# Task:
After locating the line with "used 2021 Volkswagen" in the entries below, output it and each following line up to and including the line with "Luciana Acuña en PH, Canal 4", exactly and without pictures.
** Recorded information follows **
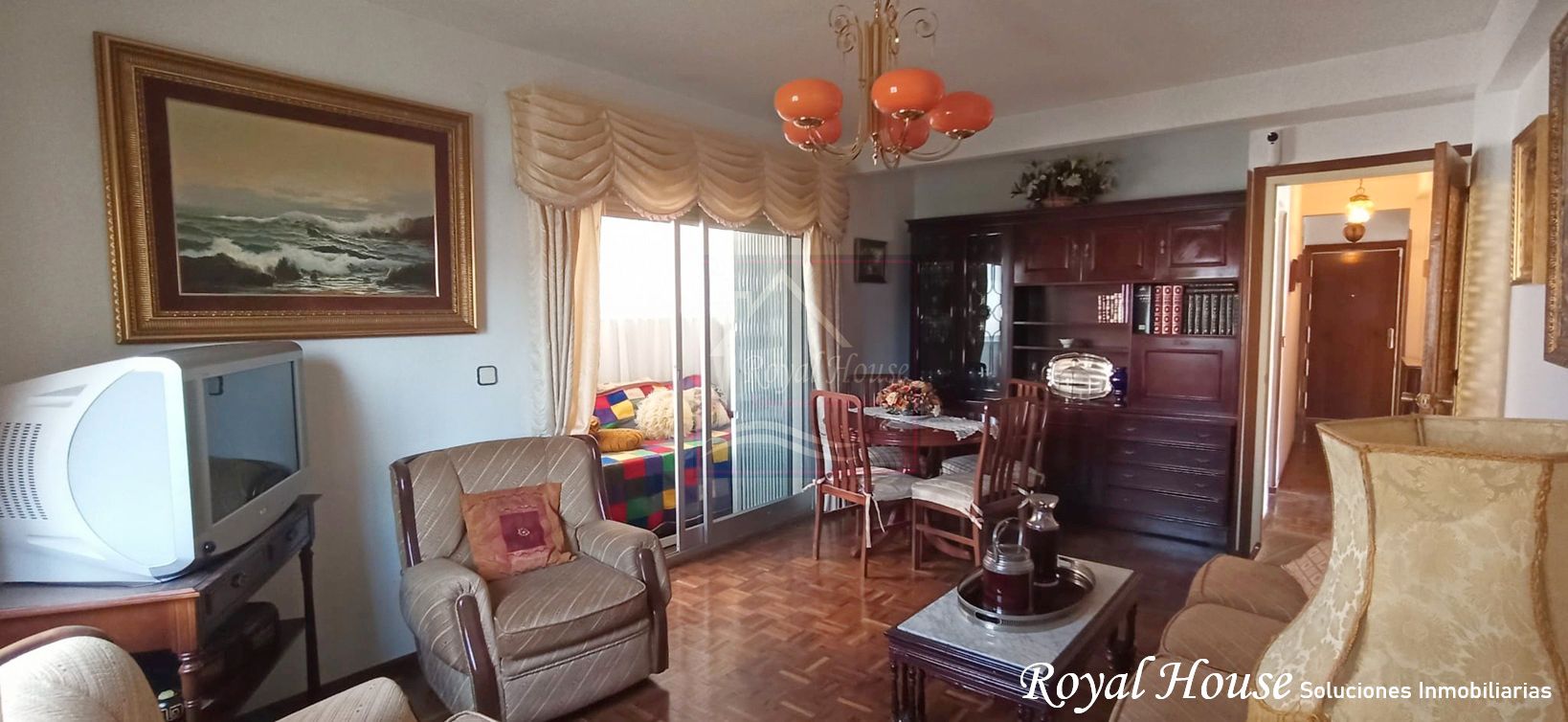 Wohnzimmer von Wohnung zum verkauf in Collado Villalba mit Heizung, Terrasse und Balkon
** End of Recorded information **
** Recorded information follows **
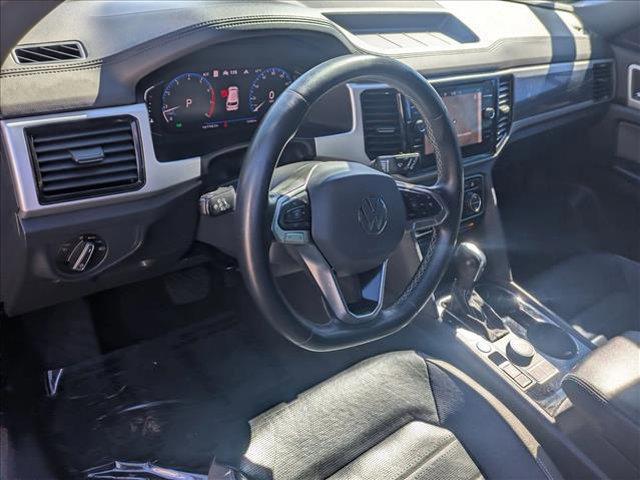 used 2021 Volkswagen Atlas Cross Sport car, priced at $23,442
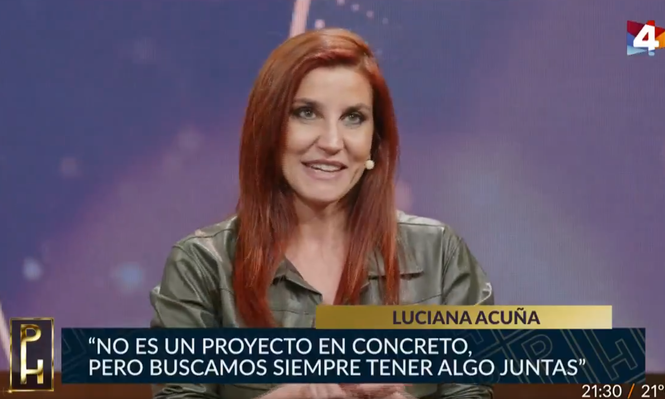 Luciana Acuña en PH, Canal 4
** End of Recorded information **
# Output for this task:
 used 2021 Volkswagen Atlas Cross Sport car, priced at $23,442
 Luciana Acuña en PH, Canal 4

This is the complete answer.